Thursday, June 28, 2012

Why do we love?

In the 1947 song "Nature Boy," songwriter Eden Abhez posits, "The greatest thing you'll ever learn is just to love and be loved in return". Four years earlier, the psychologist Abraham Mas low published his book, "A Theory of Human Motivation," which included his famous hierarchy of needs. In the middle of this hierarchy, above physical needs like safety but below esoteric needs like self-esteem, lies our need for love and belonging -- the need to love and be loved in return.
While Abhez and Mas low may have disagreed exactly on how important love is to the human experience, both knew that love is one of the most crucial aspects of being human. Where Abhez was content to simply note its importance, Maslow included love as something humans are motivated to have or achieve. Love is a motivating goal for humans, and our behavior can be explained by our attempts to achieve this goal.

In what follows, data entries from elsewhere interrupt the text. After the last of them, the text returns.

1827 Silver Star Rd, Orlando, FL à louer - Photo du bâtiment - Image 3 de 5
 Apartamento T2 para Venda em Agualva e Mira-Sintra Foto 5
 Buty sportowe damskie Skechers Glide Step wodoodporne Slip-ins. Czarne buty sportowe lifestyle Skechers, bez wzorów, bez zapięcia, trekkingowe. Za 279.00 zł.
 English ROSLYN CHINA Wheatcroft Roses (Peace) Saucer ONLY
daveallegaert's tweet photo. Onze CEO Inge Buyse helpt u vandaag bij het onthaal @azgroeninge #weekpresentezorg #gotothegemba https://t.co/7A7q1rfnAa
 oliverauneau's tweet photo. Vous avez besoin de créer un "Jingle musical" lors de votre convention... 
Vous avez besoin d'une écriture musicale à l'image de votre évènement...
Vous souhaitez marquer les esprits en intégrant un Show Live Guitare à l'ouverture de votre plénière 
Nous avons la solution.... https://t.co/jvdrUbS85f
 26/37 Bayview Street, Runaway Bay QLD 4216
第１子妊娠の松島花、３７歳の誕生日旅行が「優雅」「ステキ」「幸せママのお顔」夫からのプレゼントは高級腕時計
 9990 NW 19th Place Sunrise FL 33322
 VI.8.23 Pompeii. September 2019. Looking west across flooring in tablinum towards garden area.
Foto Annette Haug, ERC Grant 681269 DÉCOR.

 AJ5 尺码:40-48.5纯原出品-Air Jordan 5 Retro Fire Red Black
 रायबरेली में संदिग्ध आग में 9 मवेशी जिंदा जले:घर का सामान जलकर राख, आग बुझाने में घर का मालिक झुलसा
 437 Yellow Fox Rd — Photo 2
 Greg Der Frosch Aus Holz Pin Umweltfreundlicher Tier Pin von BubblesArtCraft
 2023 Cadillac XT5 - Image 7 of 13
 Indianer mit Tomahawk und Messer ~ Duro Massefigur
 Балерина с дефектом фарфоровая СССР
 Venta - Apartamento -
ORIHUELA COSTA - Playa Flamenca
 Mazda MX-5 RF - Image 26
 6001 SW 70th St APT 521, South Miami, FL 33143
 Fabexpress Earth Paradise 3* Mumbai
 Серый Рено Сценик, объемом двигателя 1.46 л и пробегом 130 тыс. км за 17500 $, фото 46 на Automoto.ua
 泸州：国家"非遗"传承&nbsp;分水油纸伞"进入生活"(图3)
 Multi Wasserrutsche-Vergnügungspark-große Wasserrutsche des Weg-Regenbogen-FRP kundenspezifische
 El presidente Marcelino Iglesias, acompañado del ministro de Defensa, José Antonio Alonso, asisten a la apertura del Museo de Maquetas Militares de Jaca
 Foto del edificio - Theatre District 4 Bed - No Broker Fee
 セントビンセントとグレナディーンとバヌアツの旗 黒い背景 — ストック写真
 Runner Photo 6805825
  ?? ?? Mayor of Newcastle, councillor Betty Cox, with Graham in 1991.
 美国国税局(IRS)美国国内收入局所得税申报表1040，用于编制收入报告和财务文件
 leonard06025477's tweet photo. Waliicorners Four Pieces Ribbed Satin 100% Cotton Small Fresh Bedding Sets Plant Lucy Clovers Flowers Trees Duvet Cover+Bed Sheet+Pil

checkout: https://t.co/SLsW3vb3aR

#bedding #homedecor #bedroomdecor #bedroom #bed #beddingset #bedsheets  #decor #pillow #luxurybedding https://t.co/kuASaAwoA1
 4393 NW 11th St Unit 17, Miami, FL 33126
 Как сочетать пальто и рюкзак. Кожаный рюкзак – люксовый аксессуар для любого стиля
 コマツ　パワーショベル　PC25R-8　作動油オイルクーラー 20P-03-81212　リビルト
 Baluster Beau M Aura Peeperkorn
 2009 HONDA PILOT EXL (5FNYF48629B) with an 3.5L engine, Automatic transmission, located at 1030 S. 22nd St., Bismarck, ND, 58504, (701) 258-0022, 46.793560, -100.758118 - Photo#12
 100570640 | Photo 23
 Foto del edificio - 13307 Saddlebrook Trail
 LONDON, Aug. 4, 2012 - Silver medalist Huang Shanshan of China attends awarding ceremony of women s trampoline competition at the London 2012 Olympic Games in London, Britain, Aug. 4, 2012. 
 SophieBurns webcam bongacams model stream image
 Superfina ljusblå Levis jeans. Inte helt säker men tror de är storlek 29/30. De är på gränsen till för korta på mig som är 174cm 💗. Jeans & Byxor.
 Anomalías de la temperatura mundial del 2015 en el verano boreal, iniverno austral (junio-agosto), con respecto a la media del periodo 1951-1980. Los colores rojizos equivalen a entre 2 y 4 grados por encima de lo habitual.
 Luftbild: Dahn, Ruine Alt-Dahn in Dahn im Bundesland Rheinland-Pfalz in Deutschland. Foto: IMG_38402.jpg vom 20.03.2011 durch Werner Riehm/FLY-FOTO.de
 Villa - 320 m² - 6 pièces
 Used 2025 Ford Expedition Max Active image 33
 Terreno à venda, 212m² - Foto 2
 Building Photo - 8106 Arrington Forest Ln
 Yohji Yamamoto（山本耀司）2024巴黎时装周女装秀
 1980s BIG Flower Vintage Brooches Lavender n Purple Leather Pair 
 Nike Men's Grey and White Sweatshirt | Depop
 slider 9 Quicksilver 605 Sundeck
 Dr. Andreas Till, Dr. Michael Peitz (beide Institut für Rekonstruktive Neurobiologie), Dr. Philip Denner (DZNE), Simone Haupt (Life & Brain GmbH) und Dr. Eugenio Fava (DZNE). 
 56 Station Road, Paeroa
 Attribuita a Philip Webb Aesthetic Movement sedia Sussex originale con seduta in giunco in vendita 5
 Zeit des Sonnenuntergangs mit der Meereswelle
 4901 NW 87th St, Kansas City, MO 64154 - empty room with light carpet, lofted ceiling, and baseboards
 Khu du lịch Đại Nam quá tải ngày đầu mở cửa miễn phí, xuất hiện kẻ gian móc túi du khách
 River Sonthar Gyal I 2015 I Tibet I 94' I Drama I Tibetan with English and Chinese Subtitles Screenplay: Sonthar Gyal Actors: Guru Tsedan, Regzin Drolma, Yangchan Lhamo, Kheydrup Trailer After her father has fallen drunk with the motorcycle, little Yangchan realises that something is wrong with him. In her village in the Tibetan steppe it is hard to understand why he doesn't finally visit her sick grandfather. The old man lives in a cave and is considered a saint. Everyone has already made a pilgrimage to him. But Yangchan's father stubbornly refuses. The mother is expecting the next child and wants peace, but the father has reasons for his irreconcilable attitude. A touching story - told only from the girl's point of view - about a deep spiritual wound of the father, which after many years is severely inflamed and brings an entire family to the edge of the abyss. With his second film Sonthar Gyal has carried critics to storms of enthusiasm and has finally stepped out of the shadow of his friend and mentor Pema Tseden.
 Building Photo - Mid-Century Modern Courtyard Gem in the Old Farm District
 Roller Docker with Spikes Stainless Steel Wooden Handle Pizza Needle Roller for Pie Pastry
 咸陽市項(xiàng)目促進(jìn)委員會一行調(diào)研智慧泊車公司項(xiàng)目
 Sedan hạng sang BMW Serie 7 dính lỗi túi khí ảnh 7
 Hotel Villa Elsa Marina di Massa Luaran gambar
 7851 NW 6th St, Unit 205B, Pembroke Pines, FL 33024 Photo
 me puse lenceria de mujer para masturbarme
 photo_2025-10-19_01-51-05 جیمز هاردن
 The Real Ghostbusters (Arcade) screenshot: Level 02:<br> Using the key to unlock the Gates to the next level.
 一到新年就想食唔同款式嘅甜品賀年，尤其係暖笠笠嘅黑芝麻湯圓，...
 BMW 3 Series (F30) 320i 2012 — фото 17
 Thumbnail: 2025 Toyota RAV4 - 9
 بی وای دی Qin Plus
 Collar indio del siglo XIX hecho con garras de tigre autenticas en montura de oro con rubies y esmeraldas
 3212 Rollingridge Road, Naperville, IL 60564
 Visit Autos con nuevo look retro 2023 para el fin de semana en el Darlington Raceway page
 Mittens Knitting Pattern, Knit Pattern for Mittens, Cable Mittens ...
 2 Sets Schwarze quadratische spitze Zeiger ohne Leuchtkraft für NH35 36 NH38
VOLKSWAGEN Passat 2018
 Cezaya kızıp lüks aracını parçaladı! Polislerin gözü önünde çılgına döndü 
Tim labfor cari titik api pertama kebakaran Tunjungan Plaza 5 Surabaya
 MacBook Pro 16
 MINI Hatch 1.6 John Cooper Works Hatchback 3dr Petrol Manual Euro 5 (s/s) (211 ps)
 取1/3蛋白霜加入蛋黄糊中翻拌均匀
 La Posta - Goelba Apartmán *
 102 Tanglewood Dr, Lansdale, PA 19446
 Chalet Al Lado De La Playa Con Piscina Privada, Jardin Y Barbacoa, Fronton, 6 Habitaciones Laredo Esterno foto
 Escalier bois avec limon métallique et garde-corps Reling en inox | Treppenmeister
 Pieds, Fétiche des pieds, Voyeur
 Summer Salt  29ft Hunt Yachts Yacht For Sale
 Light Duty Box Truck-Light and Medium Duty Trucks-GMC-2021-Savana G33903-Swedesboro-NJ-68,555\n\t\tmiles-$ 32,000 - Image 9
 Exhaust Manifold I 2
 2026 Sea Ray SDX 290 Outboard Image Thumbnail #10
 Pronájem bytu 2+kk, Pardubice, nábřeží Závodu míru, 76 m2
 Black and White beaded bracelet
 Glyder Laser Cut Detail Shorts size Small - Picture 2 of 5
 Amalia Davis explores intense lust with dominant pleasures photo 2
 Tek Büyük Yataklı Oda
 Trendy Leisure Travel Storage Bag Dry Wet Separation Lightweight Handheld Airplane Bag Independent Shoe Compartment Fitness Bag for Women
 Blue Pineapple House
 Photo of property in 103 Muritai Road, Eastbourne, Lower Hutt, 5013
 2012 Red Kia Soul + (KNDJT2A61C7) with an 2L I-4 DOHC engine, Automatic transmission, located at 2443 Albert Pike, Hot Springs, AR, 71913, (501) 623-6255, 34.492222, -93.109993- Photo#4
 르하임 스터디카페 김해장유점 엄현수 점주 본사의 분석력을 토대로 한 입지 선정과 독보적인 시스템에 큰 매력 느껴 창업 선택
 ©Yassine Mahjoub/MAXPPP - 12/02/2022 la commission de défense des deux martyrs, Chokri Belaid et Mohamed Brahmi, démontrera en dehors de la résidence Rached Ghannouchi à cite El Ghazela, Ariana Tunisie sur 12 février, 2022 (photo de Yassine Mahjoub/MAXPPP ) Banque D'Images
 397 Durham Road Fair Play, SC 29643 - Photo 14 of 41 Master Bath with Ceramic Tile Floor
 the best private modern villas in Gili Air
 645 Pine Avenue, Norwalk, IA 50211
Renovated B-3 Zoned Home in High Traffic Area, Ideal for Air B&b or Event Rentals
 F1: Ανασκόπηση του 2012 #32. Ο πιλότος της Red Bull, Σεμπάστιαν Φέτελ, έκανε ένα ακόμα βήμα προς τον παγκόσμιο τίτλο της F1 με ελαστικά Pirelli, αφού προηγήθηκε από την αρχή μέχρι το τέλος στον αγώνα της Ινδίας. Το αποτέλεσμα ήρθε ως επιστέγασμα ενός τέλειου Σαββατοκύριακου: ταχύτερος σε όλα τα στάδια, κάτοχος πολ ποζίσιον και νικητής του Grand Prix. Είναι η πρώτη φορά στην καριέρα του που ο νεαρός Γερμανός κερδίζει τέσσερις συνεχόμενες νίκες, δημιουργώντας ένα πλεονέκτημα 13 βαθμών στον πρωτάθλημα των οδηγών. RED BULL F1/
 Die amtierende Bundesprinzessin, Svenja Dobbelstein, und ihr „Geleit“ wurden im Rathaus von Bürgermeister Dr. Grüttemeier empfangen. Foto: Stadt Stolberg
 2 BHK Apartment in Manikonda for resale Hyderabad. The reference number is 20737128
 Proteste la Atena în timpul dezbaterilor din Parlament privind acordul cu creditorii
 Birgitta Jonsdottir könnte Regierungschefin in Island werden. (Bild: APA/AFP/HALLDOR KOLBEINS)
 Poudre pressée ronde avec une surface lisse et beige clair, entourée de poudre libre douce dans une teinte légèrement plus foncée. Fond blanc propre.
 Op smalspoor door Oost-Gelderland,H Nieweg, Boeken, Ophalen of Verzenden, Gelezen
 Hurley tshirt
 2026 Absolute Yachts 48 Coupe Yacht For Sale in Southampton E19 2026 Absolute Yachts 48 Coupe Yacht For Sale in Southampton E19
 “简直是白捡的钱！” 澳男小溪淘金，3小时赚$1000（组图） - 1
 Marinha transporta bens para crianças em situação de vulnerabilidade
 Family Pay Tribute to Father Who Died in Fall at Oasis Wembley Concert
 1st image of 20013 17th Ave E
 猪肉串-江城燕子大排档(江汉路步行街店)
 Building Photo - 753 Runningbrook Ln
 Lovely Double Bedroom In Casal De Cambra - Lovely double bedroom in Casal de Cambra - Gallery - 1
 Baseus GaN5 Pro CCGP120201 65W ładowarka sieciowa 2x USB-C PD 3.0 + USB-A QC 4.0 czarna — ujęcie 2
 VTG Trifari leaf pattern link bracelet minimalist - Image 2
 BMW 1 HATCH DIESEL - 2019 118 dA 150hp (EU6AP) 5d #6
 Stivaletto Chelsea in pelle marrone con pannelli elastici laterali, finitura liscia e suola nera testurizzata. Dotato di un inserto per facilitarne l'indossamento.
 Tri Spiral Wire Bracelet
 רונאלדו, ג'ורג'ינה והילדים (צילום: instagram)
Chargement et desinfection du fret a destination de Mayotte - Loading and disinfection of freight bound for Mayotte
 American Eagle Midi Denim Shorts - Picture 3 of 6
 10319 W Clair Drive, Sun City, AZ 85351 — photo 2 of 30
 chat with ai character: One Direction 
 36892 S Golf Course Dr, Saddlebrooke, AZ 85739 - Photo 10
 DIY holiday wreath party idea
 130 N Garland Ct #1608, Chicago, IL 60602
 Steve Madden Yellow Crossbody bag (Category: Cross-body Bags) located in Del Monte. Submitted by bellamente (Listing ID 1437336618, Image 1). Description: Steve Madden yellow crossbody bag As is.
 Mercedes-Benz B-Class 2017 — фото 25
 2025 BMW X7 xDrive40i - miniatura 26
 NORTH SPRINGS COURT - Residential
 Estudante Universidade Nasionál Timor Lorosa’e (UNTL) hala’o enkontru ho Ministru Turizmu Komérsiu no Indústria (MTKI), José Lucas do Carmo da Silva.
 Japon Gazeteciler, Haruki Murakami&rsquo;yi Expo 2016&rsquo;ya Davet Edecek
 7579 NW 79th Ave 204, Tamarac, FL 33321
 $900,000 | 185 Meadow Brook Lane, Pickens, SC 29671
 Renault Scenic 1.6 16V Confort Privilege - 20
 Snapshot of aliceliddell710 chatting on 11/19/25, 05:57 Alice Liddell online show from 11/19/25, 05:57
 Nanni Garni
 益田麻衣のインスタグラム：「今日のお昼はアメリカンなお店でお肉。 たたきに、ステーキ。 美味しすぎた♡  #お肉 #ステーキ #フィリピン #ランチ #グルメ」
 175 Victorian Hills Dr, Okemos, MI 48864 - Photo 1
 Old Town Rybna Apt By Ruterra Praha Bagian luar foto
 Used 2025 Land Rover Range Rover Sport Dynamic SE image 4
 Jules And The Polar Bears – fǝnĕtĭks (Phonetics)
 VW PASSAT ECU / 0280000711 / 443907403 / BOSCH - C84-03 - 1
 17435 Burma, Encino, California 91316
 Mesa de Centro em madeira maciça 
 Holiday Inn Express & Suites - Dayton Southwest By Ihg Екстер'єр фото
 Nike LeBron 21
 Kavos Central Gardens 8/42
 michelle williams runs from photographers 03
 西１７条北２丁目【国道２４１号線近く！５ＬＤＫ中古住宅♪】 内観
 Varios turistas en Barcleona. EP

Research supported Maslow's hierarchy for decades. In 2005, a groundbreaking study using functional magnetic resonance imaging (fMRI) was published. The study, conducted jointly by researchers at three universities, found visual evidence that supports Maslow's view of love as motivation.
The human motivation system is linked to the reward system in the brain. Once we achieve a goal, the brain releases dopamine into a region of the reward system called the nucleus acumens. We experience this as a profound sense of pleasure and excitement -- the types of sensations one associates with the experience of romantic love.
In the 2005 study, researchers found that when 17 young participants were shown a photo of the person they loved, regions of the brain responsible for motivating and rewarding began to function. In other words, the study found that romantic love motivates people, and the motivation toward this goal -- loving and being loved -- is fueled by the brain's reward system.
The imaging also showed that while the emotional centers of the brain were active, no distinct pattern of emotions was followed. This finding counters the longstanding view that love is based in emotion; instead, it seems that love springs from our goal-seeking behavior and that the emotions we attach to it come second to our motivation.
But the question remains: Why do we love?